Health minister Anne Milton was forced to defend Tory health policies yesterday after they were labelled the “weak link” in government reform plans during a Conservative Party conference debate.

Independent NHS consultant and former trust chief executive Roy Lilley said there was no evidence to support white paper proposals such as GP led commissioning.

He said: “We’re going to hand over [to GPs] £80bn of tax payers’ money with no evidence base at all.”

However, Ms Milton argued that poor commissioning, carried out by “distant” and “unresponsive” primary care trusts, wasted money.

Rather than being a leap in the dark, GP led commissioning was simply an extension of practice based commissioning, which Labour had supported, she said.

KPMG head of healthcare Mark Britnell said there were “enormous studies” demonstrating that devolving power to clinicians led to effective patient care.

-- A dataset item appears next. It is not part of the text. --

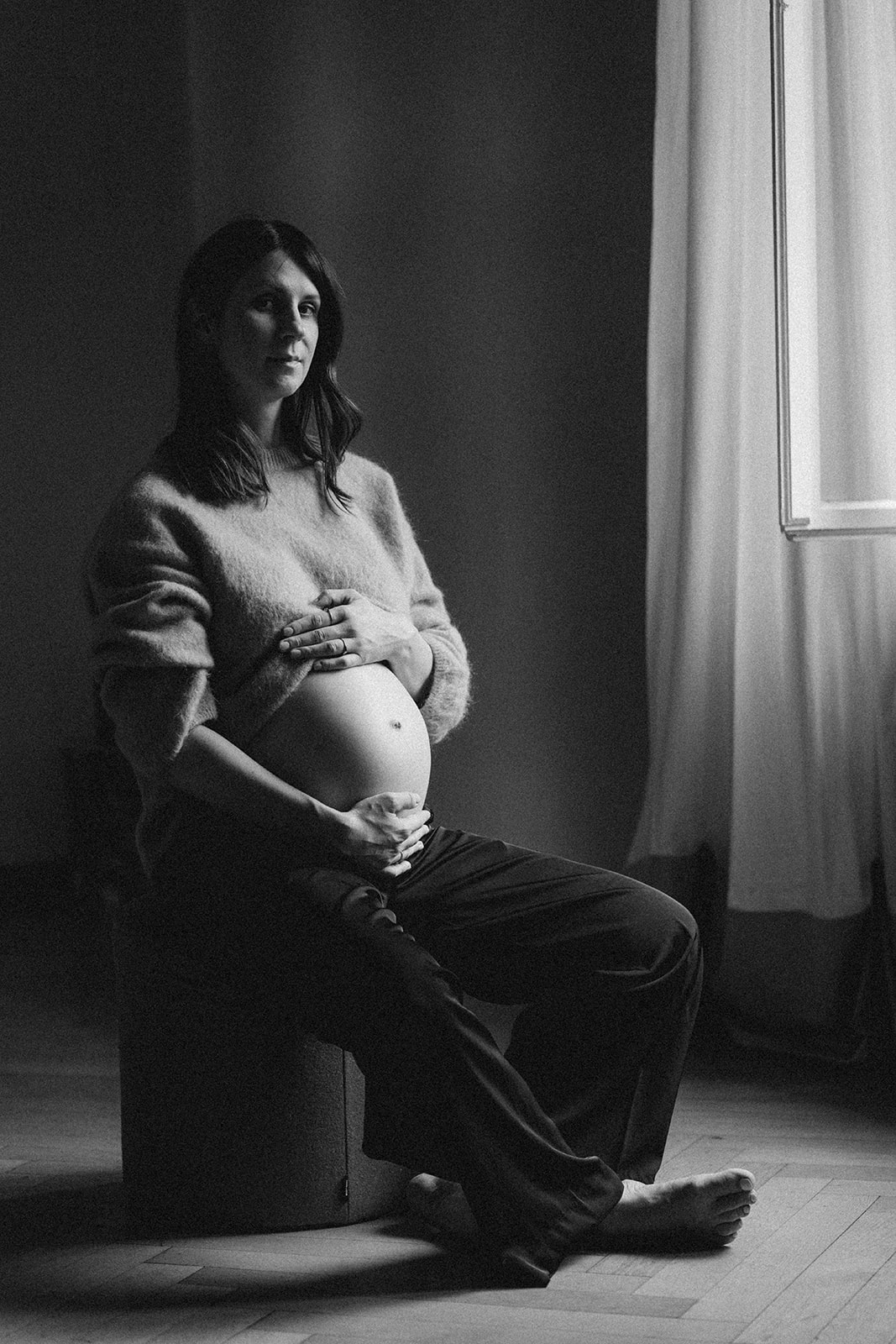 Anne - Zwischen Jetzt und Bald Geburt in Geburtspool - Geburtsfotografie Hausgeburt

He expected that consortia, rather than the national commissioning board, would hold contracts with GPs and said he hoped they would use this for performance management purposes.

The panel of guests were answering questions, some of which were submitted by Health Hotel members and some posed from the floor.

Responding to a question about NHS management, Mr Britnell said the top 2 per cent of managers in the private sector were “no better or worse” than those in the public sector.

However, private sector management had more “depth” because salaries were higher. Rules around NHS managers’ pay needed to be “liberated”, he said.

However, he added the NHS was “probably over-bureaucratised”.

Mr Lilley also defended managers, highlighting that only 3 per cent of the total NHS budget was spent on managers, of which there were less than 50,000.

He said: “I would rather have a public sector manager who has produced more for less than lots of… private sector managers. Public sector managers are bloody good and [health secretary] Andrew Lansley should stop knocking them.”